The Good, the Bad, and the Believable

From the time I learned I could string sentences together and create a story, I wanted to write.  I started with fairy tales with princesses and evil witches, and then moved on to barely more realistic stories peopled with righteous children and evil adults.  The characters were cardboard stereotypes – mean teachers, unhappy orphans, and on and on.  People were either good or bad – there was no in-between.  It’s the way the world seemed to me as a child.  Everything was right or wrong, good or bad, fair or unfair.

Of course as we grow up we realize that the world is full of ambiguity, that most people straddle the fence between good and bad at some times in their lives.  Things are complicated.  I want the books I read to be complicated. I want the characters to be fully realized, complicated beings.  I want to feel empathy for even the most unlikable character.

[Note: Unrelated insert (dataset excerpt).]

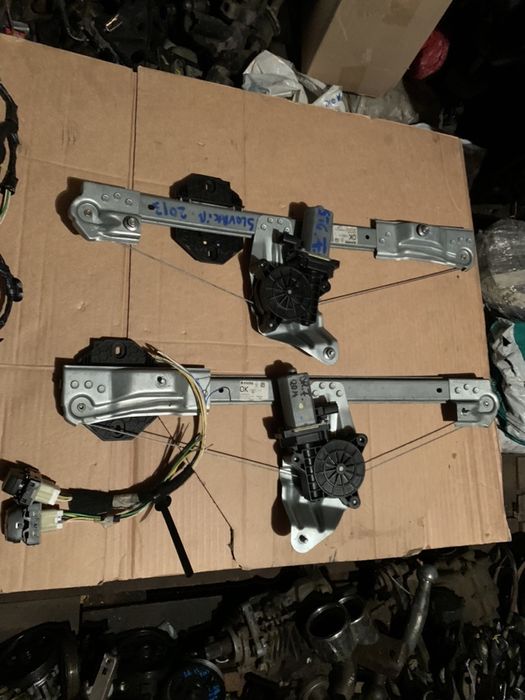 Vand macarale geam electrice pt Dacia Logan/Sandero/Mcv 2013/2016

As I’ve said many times, I don’t care a thing about liking the characters in a story or book.  Some of the greatest characters in literature are basically unlikable people (the first that comes to mind is the protagonist in JM Coetzee’s Disgrace).  But there is always some humanity there, something that makes me want to stick with them long enough to find out what happens.  That humanity is what makes a good character.  Not good in the way I thought back when I wrote about those princesses, but good in a way that makes you say, yeah, I believe in this person.

I just finished reading Tom Rachman’s The Imperfectionists, and while I didn’t love the book as much as many critics did, I admire the way he made even the most unlikable characters sympathetic in some way.  In the author’s interview at the end of the book, Rachman addresses this. “Several (characters) are tricky types, the sorts who, had I met them in a newsroom, might have prompted me to run.  But on the page, I had fondness for them.  It’s the writing that did this.  To form these characters, I tried to conceive of their motives, resentments, disappointments … Writing (and reading) is a sort of exercise in empathy… (it) stirs compassion that, in real life, is so often obscured by our own motives.”

I love that.  “Stirs compassion that in real life is so often obscured by our own motives.”  I believe that the best fiction does this, for the reader and the writer.  That’s what I want in my own stories.